Queridos hermanos y hermanas,
nos reunimos como comunidad alrededor de la mesa de la Palabra y la mesa de la Eucaristía.
Hoy la Palabra que Cristo dirige a sus discípulos nos sorprende y parece que pone en cuestión algo que tenemos por muy asentado: la familia. Padres, hijos, hermanos y hermanas, están siempre en el primer lugar de nuestro escalafón, son aquellas personas por las que daríamos la vida.
Y Jesús nos dice:
“Si alguien viene a mi, y no me ama más que a su padre o a su madre, que a sus hijos e hijas, que a su hermano o a su hermana, no puede ser discípulo mío”
Fijémonos que no nos dice que no les amemos, nos dice que el primer lugar ha de ser el amor a Dios. Nos lo ha dicho en otros momentos, cuando en una conversación con un maestro de la Ley le recuerda que el primer mandamiento es amar a Dios, pero que hay un segundo mandamiento semejante a este: amar al prójimo.
Y mi prójimo empieza en los más cercanos, en la familia: en mi padre y mi madre, en mis hijos, en mis hermanos.
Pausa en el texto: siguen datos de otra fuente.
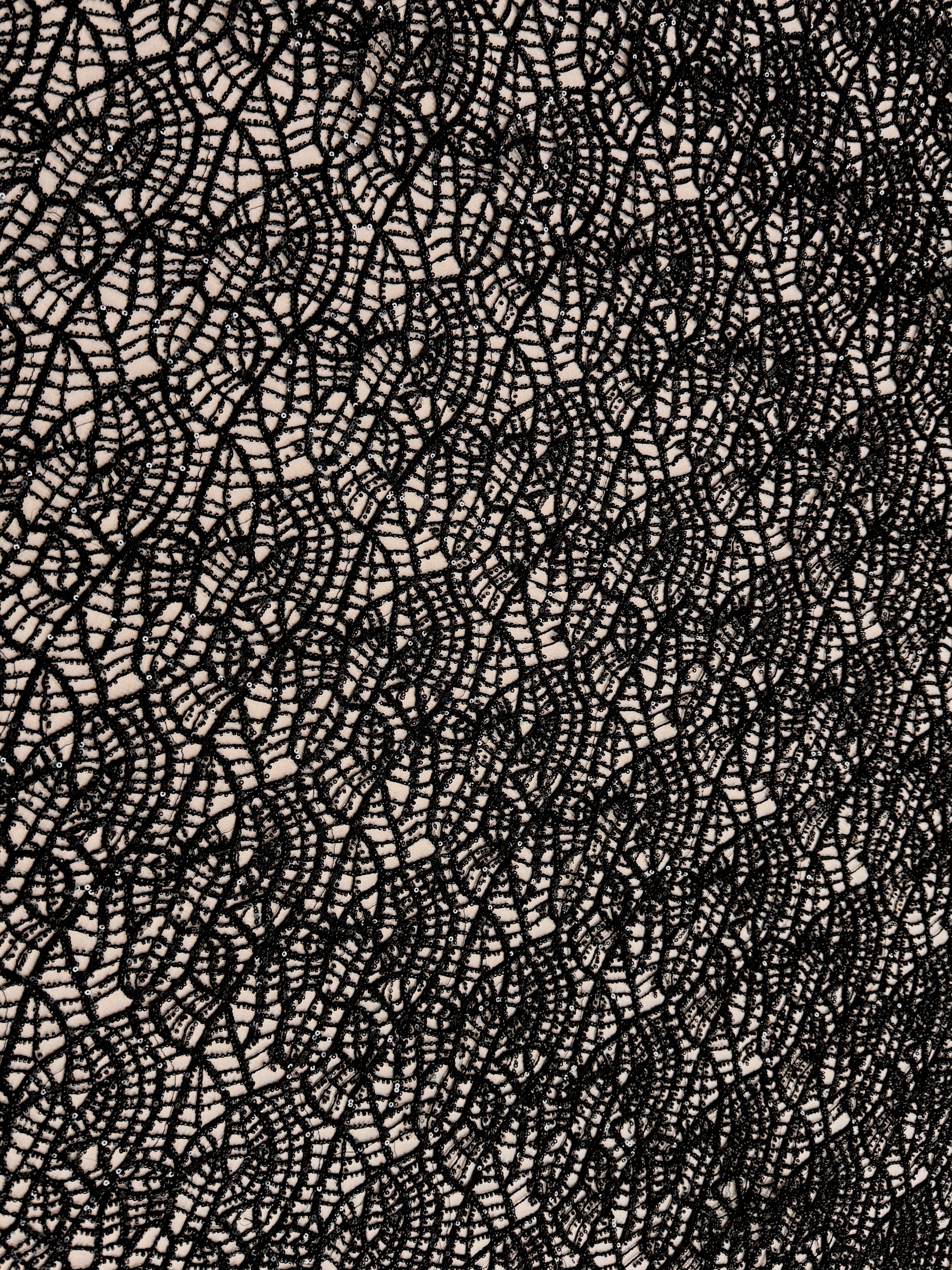 Plasa Couture Neagra, cu Margele si Paiete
Ahí empieza mi prójimo.
El encuentro con Jesús lo transforma todo, y transforma también las relaciones familiares, las relaciones humanas y les da un nuevo sentido y una nueva luz.
En la segunda lectura hemos leído la carta a Filemón, una de las más cortas de todo el Nuevo Testamento, tan corta, que excepto el saludo inicial y la despedida, ya la hemos leído hoy en su totalidad. En esta carta san Pablo comunica a Filemón que su esclavo Onésimo se ha convertido a la fe, y le pide que no lo trate com un esclavo, sinó como a un hermano en la fe.
Por tanto, las relaciones familiares y todas las relaciones, a la luz del encuentro con Cristo resucitado, no se empobrecen, sinó que se enriquecen. Estas relaciones que son buenas y nos hacen crecer humanamente, vividas a la luz de la fe todavía nos enriquecen más.
Jesús hace este planteamiento tan radical porque seguirlo a Él es un acto de libertad, en el que no nos podemos ver esclavizados por ninguna relación. Si vivimos una relación personal tan cerrados que impide la entrada de Dios en ella, no tenemos la suficiente libertad para acogerlo a Él en nuestras vidas y dejar que las transforme.
Quiere que no hagamos un absoluto, que confiemos en Él.
Ayer participé en la celebración del 25 aniversario de profesión religiosa de una religiosa de Rubí. Rodeada de su familia, de las hermanas de su comunidad, de otros amigos y conocidos, vi en ella, vi en su familia, vi en sus hermanas de congregación, vi caras de felicidad. Su opción de seguir a Cristo dejando atrás la familia, la posibilidad de crear una familia, no las había hecho infelices, al contrario, una de ellas me explicaba como había transformado las relaciones familiares valorando sobre todo hacer feliz a los otros.
Busquemos la felicidad en Cristo, dejemos que Él ilumine y transforme nuestras relaciones familiares para que vayan siendo espacios de entrega mutua, de donación, de vida, abiertos al entorno, al mundo, a los más necesitados, a Dios.